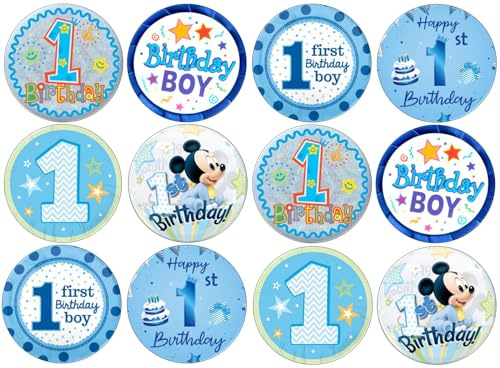 24 x 1st Birthday Baby Boy Cake topper edible wafer paper (Not Precut)
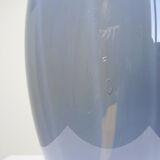 Vintage pear-shaped vase in smoked glass, lined with opaline, Murano bubble glass.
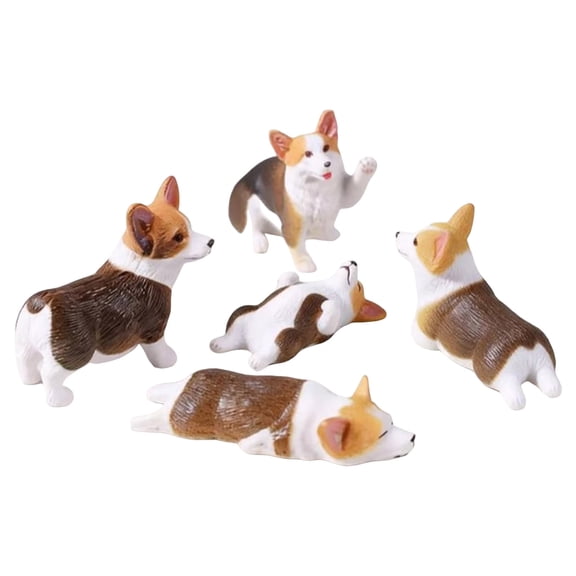 DVKOVI 5 PCS Realistic Corgi Charm Resin Animals Capture Playful Corgis Poses for Car Dashboard Desk Decoration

◆ ◆ ◆ ◆ ◆

• _What is needed_: Set down the data exactly as it appears, without any images.

• _Task result_:
 24 x 1st Birthday Baby Boy Cake topper edible wafer paper (Not Precut)
 Vintage pear-shaped vase in smoked glass, lined with opaline, Murano bubble glass.
 DVKOVI 5 PCS Realistic Corgi Charm Resin Animals Capture Playful Corgis Poses for Car Dashboard Desk Decoration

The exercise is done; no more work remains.